● **Work instruction**
Where the line containing "V by Laura Vann" appears below, begin there and reproduce each line exactly through the last one, omitting pictures.

++++ Material provided ++++

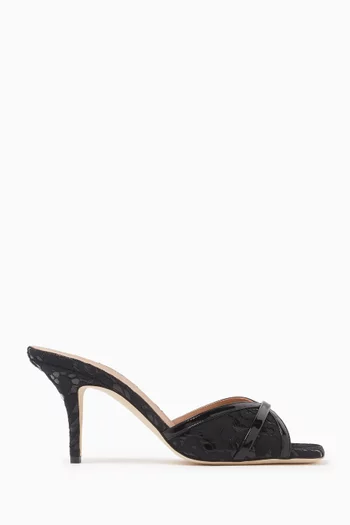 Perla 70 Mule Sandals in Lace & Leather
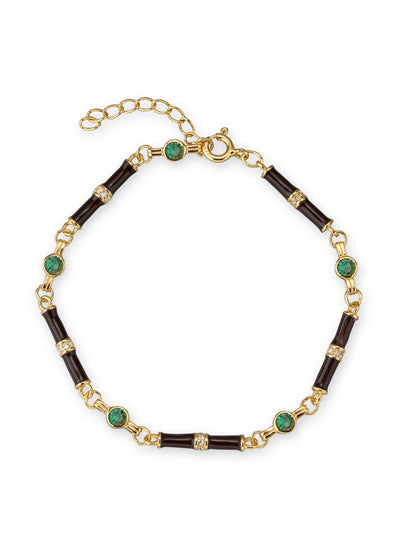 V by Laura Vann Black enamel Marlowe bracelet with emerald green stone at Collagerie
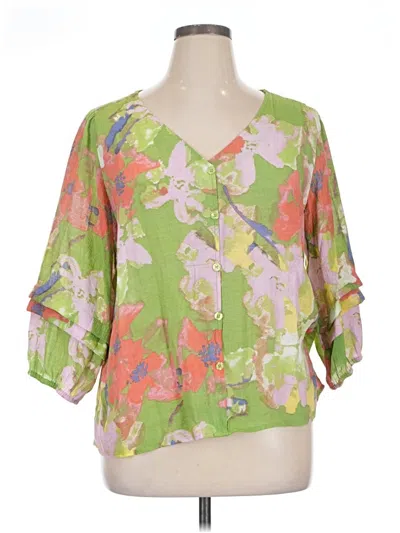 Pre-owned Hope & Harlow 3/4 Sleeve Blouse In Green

++++

● **Reply**
 V by Laura Vann Black enamel Marlowe bracelet with emerald green stone at Collagerie
 Pre-owned Hope & Harlow 3/4 Sleeve Blouse In Green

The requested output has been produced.